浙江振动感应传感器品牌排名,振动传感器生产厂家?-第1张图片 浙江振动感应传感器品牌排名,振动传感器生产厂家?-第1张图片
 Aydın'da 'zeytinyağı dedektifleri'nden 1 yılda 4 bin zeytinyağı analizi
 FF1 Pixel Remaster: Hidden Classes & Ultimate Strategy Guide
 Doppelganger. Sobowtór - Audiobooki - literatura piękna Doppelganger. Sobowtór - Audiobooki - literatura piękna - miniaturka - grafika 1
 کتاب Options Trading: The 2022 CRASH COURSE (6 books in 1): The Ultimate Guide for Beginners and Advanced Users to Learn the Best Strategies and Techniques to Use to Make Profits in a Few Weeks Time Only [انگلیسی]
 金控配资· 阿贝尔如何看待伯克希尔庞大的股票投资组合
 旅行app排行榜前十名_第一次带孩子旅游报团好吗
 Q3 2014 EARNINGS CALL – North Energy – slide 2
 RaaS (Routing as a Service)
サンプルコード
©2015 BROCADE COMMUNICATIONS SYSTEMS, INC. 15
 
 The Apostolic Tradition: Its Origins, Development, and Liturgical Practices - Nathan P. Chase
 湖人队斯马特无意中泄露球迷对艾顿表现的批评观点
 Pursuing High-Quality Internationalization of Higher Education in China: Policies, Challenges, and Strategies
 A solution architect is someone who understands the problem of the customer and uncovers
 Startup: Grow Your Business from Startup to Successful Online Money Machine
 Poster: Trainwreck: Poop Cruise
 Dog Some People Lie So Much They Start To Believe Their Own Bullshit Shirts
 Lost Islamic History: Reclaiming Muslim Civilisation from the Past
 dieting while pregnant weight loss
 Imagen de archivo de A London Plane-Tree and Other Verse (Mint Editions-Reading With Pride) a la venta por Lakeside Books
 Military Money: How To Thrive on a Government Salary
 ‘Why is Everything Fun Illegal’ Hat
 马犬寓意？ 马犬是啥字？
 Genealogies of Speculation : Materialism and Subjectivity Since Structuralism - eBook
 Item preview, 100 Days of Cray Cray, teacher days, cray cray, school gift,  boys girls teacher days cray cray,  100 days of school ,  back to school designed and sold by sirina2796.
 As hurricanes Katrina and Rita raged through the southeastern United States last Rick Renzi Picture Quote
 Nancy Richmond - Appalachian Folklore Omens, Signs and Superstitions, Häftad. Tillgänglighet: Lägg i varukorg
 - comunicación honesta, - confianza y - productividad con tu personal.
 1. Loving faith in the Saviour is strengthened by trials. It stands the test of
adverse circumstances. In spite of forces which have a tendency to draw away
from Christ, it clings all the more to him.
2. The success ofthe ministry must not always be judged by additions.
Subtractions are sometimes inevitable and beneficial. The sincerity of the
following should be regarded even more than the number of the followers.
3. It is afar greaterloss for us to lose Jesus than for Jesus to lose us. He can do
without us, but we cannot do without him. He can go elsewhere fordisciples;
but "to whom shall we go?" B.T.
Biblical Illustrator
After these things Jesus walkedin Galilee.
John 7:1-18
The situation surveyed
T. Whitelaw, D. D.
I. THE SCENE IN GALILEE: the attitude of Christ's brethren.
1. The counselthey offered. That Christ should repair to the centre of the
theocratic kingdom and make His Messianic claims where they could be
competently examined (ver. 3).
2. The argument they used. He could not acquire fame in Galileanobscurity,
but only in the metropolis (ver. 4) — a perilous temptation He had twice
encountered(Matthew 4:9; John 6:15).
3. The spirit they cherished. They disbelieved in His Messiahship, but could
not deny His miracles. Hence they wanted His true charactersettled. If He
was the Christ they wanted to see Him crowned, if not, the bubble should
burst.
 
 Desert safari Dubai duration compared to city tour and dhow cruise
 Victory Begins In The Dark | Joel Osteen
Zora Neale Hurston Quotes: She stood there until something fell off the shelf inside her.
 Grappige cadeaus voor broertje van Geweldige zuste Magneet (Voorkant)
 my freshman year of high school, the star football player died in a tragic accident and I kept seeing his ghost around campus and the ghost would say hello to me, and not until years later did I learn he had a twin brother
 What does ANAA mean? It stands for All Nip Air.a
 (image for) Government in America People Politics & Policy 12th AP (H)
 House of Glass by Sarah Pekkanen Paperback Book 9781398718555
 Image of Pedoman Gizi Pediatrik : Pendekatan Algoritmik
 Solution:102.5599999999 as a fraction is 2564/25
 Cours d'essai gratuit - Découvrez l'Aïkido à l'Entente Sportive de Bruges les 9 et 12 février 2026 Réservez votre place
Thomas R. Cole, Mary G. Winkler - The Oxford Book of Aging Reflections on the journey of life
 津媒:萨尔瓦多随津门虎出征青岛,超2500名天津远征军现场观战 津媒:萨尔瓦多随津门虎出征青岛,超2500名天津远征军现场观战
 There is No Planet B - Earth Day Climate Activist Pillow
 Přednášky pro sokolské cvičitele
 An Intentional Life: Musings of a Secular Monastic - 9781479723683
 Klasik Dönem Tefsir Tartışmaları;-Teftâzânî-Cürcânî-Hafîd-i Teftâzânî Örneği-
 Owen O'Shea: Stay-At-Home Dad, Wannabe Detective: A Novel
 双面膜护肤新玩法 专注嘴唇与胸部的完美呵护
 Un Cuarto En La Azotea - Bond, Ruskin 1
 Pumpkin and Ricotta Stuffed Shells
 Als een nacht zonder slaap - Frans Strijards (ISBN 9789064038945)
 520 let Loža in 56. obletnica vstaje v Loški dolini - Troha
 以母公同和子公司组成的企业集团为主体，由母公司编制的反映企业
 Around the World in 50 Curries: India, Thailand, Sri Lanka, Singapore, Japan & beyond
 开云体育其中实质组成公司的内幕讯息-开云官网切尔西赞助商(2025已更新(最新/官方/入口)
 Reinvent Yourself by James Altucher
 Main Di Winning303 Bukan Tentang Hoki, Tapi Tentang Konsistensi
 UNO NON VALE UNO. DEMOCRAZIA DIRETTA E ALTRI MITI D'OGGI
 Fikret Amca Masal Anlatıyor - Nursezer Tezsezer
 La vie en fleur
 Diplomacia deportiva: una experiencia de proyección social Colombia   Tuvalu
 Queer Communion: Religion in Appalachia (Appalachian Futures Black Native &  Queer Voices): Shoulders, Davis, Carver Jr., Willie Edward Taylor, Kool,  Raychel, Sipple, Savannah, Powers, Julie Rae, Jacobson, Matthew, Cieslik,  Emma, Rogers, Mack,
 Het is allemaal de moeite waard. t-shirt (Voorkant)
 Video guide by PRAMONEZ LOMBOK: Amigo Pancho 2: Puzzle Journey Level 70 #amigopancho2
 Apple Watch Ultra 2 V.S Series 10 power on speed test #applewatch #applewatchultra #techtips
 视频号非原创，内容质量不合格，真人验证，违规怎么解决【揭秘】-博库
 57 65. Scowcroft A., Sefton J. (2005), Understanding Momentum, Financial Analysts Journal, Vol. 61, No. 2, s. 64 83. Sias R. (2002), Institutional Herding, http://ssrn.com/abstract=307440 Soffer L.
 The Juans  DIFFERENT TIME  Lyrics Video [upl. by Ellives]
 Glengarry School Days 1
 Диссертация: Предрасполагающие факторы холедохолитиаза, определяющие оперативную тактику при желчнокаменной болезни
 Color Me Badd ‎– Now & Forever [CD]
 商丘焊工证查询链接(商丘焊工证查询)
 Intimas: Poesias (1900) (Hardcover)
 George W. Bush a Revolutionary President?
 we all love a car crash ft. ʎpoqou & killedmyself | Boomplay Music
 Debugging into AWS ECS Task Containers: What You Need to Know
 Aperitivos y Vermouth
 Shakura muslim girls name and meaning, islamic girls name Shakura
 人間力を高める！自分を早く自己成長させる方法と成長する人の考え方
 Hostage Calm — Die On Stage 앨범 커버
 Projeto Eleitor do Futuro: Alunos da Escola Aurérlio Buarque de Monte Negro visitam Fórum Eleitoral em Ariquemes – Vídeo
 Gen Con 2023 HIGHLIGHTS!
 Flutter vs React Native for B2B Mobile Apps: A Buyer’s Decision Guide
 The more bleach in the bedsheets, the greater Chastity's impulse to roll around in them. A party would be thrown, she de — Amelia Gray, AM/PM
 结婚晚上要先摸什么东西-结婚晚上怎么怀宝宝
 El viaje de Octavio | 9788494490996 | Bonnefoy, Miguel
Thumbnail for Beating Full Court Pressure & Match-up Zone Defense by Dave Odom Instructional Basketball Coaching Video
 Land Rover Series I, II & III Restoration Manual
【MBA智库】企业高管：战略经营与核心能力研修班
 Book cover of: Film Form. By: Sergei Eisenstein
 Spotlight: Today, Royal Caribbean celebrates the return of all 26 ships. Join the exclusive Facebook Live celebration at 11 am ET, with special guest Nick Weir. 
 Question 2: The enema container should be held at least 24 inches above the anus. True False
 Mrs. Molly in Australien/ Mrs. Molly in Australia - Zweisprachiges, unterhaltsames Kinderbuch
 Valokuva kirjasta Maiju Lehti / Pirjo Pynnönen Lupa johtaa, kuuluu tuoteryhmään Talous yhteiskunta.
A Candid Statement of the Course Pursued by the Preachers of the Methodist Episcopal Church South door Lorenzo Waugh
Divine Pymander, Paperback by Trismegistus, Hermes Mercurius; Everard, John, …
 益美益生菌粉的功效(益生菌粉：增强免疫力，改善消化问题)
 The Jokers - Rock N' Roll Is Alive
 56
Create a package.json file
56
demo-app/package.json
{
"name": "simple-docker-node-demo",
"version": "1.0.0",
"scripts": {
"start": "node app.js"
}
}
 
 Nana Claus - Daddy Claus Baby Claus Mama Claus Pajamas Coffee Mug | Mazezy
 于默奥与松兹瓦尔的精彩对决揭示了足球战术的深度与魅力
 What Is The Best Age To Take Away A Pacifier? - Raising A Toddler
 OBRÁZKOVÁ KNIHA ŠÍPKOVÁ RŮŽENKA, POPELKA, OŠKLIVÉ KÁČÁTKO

Problem requirements:
Only the count, no other text: how many lines in the listing above hold "until"?

The answer:
2